Time and price estimates are derived from the intersection of channel confidence interval zones that satisfy the selection criteria equally well. The Murray level only provides an additional estimate, and only if it falls within this zone. Regarding convergence - don't forget that there are terms of a series that allow you to estimate the error of the approximation - so you don't need an infinite number of terms. Example : the number e is an infinite decimal, but is nevertheless used in many ways including as the base of logarithms ;). There are quite a few more examples.

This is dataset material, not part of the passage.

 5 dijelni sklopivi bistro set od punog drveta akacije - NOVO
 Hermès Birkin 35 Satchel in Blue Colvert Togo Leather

Good luck and good luck with the trends.
 
Understood. IMHO - in the general case this is incorrect. I certainly use this parameter necessarily and it is one of the possibilities to get noise-independent estimates (let's call them that). This parameter is needed in order to estimate where you are in the confidence interval. Although, of course, the interval itself will depend on the type of distribution within (there are options to get around this - I've already written). In principle, to your strategy in terms of methodology, Bollinger lines are logically suitable for determining the values of the confidence intervals - they are built on the same muwings. The direction of the trend = direction of the moving average. However, this estimation will have a certain time lag. If you use confidence intervals this lag can be eliminated. <br/ translate="no">.

Vladislav, can you describe the use of the standard deviation in your strategy in more detail in terms of estimating the position of the confidence interval we are in at the current moment in time? Suppose we have already found the optimal parabola(s) and linear regression channel(s) (based on the Hurst coefficient) through a head-to-head recalculation of all possible samples over the last six months, and know the current probability of reversal based on an integral estimation method. How can we now apply the standard deviation in this whole system as well? That is, what parameters should be chosen to calculate the standard deviation values? Maybe, in this case, we should just make the mouvings chart for which the standard deviation is calculated coincide as much as possible with the obtained optimum parabola or something else? That is, to begin with we simply plot, for example, a standard MA (or an unusual one - tell us which one?) and compare its divergence with an optimal parabola for the last week, for example, fitting this parabola with the value of the bar number parameter for which the MA is calculated. And then having obtained the value of МА parameters we bring it to the standard deviation indicator and thus find the deviation, by which we determine the confidence interval from the line of the optimal parabola? Or am I mistaken? Correct me, please!